There are many lessons that have been learned in the last 4 to 5 decades of using computers for data processing that have led to our current enthusiasm for the possibilities of advanced analytics. Machine learning, deep learning, and artificial intelligence are beginning to solve significant business and societal challenges. How far we can expand those achievements is impossible to predict. The required interplay between data, computer hardware, software, and human creativity is complex. Identifying the right combination of equipment, tools and knowledgeable practitioners that can produce good results with reasonable investments is even more challenging today than it was 40 or 50 years ago. The vast number of technology options available today and the speed of change makes it difficult to construct a plan for a project that can deliver timely results. It is easy to fall into the trap of waiting to make decisions until there is more research or the next promising technology reaches the next stage of maturity.
This eBook outlines a practical approach to the problem of tool selection and staffing for projects with machine learning and/or deep learning requirements using technology that is available today. We will describe how to use a combination of open-source projects and commercial software including Spark, Spark SQL, MLlib, BigDL, and Kubernetes/Docker. We cover both issues of interest to both data scientists and IT pros. We will also describe how to use Docker and Kubernetes to manage the infrastructure that can be integrated with software developers working on cloud-native applications. We use a use case story centered on inventory management for a large fictitious retailer with both online and physical brick and mortar outlets to help weave the pieces of the technology puzzle together focusing on one stage of the analytics pipeline at a time.
Why Spark and Hadoop?
One of the main reasons for our continued interest in the Hadoop ecosystem for advanced analytics is the breadth and flexibility of the platform. It is possible to combine a relatively small number of projects that handle everything from data ingestion to data cleaning, to model development and model hosting for inference. An easy to couple and scale platform can become the rallying point for IT, data engineers, business analysts and data scientists to focus investments and share resources.

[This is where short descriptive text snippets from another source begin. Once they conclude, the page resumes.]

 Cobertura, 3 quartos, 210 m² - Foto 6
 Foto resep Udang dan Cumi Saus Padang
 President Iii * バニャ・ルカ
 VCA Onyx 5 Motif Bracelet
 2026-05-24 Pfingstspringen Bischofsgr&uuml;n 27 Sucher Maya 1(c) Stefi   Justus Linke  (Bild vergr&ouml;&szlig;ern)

The two main challenges when moving from data analytics on a single computer to a scale-out approach is how to distribute the computations along with a subset of the data to a coordinated and interconnected set of compute nodes, and, how to scale-out data storage to keep up with the I/O demands of multiple compute nodes. The original two projects that made up the first version of Hadoop solved both problems in the mid to late 2000s. The original distributed compute engine, MapReduce, was not capable of doing advanced analytics such as machine learning or deep learning, but that has been largely replaced and augmented with new distributed computing frameworks with Spark being the most important for data science. Spark started with a concept familiar to everyone that works in data science, the data frame, and devised an approach to distribute it across many computers taking advantage of the combined memory and computing cores in a way that didn’t force data scientists to change the way they traditionally work with data. We’ll have a lot more to say about Spark, Spark data frames and distributed computing in later sections of this eBook.

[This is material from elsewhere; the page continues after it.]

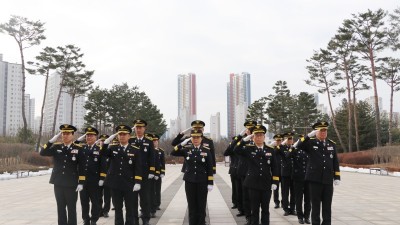 최상의 소방 서비스 유지 김포소방서, 현충탑 참배로 2024년 시작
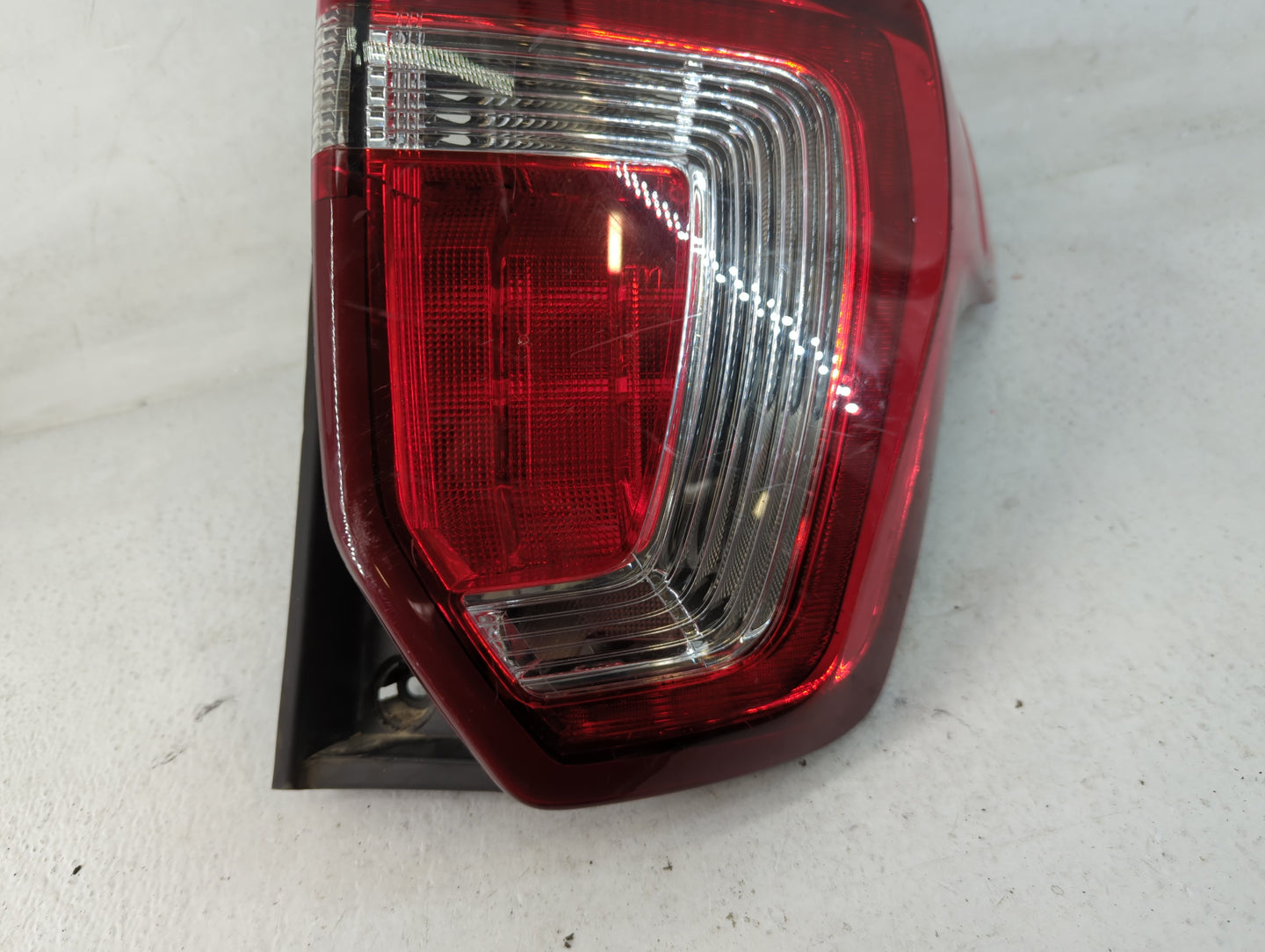 2017 Ford Explorer Tail Light Assembly Passenger Right OEM P/N:PP-TD20 FB53-13A414-A Fits OEM Used Auto Parts - Oemusedautop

As we noted in the previous section, modern data science had to expand beyond the computing power of a single machine to escape the memory and computing core limits imposed by the physical design of widely available, low cost, x86 computers. Managing distributed computing systems with dozens, hundreds, or thousands of machines to handle the scaling needs of data scientists working with increasing volumes of data presents new challenges for the architects and IT operations professionals that support these large data science initiatives. This is where Kubernetes is making a significant contribution.

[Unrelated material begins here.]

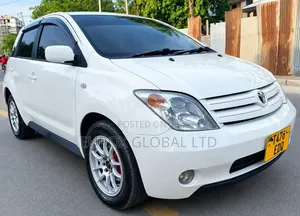 Toyota IST 2007 White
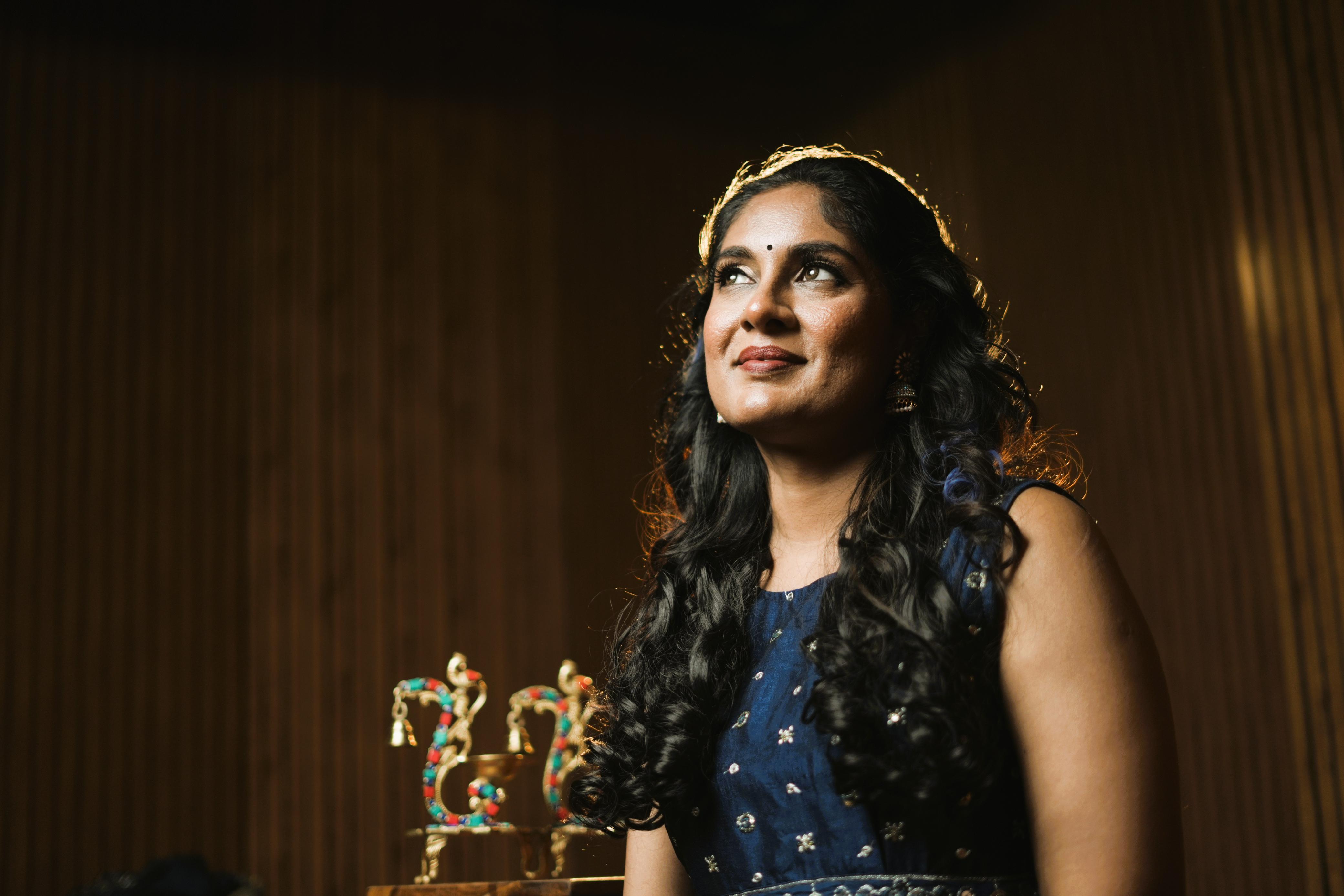 “காற்றோடு காதல் பேசும் ‘தென்றலில்’ – சாருலதா மணியின் புதிய இசை பயணம்”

The relationship between Spark and Kubernetes is conceptually simple. Data scientists want to run many Spark processes distributed across multiple computers to have access to more memory and computing cores. If we use container virtualization like Docker to host those Spark processes, Kubernetes will orchestrate the creation, placement, and life cycle management of those multiple processes across a cluster of low-cost x86 servers. There are many Kubernetes implementations available today and so, we will have a lot more to say in later chapters about how we recommend using Kubernetes with Spark and the trade-offs that should be considered for your needs.
A Use Case Story
We still find the analytics “pipeline” is a useful metaphor for how data engineers and data scientist work through data ingestion, data cleaning and transformation, data merging, model training and testing, and finally model hosting for inference. For this eBook, we choose to develop a story for explaining both the challenges and most successful approaches for each of these steps in the analytic pipeline. That forced us to select a data set that had enough volume and complexity to highlight some real-world challenges and solutions without incurring the cost and lead time of solving an actual enterprise-class problem. We choose to build a story describing a machine learning model-based approach to inventory management for a very large retailer with hundreds of thousands of individual stock units (SKUs). We will show how Spark together with a set of related big data technologies can provide an end-to-end solution for solving real-world data analytics problems by developing the individual pieces using a simplified data set and requirements.